Is there a chipping away at the lack of paid-leave policies that don’t exist in this country? Piece by piece, perhaps, companies are finding ways to make work work for parents. And, more clearly, they’re learning that it’s getting them some good attention.
“We’ve hit an amazing spot,” said Julia Beck, founder of Forty Weeks and the It’s Working Project, who helps companies figure out how to get women and parents back into the workplace. She hopes (as many of us do) that this will be the new norm. But “are these going to be flashes of media? Or is it going to be the true new normal?” she asked.
These policies certainly stir up questions of how they will work. But what is clear is that they’re making other companies stand up and listen.

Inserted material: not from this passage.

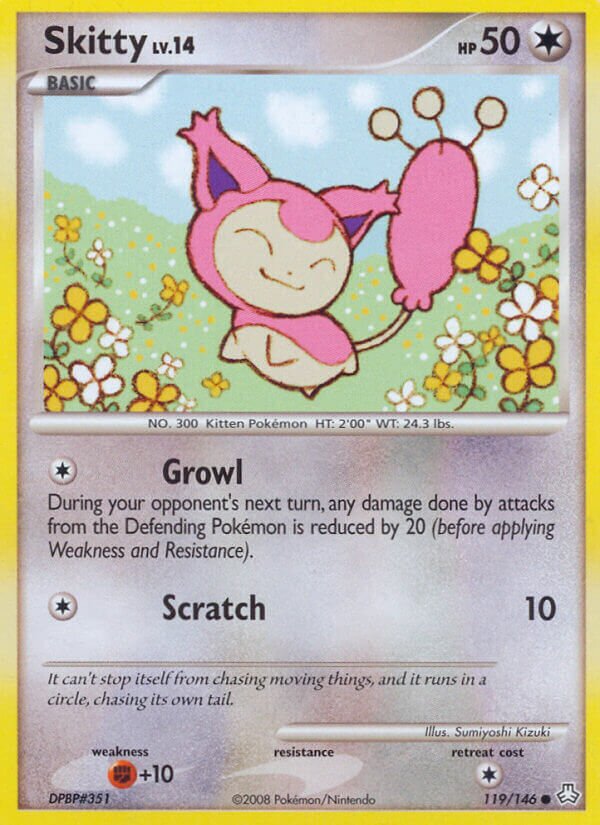 Skitty 119/146 — Legends Awakened (English Pokémon TCG card)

As Business Insider and Slate’s XX blog noted about Netflix, which announced the newest of these (mostly) applauded policies Tuesday, this isn’t necessarily a new practice. The company offers unlimited time off. The announcement, made in a blog post yesterday, is something of a clarification. And perhaps a sign that a company knows when the public is going to pay attention and stand behind an organization that announces something that seems so new, so cutting edge, so gasp-worthy. And it is all of that because, because this country still doesn’t offer paid maternity leave (unlike pretty much every other nation in the entire world).
IBM recently announced it would pay for traveling mom-workers to ship their pumped breast milk home. The good public relations attention for this move was unrelenting. And how much will this actually cost IBM? Pennies, relatively. A hugely profitable corporation paying to ship milk from a handful (at most) of women who are pumping and traveling? Not a big hit on the earnings reports. And yet, how much is the company getting from not only offering to do this, but also letting the world know?
Vodaphone announced a new leave policy that included allowing new moms to return to work part-time with their full-time salary for six months after returning from leave. “Even in the U.S.” Even.
Companies are doing these things to try to retain good talent. And, of course, for some positive press. But why, why is this such an amazing, unusual and celebrated prospect in 2015?
I’m looking forward to the day a company that has been behind on its leave policies rolls out its big announcement and it’s greeted by crickets.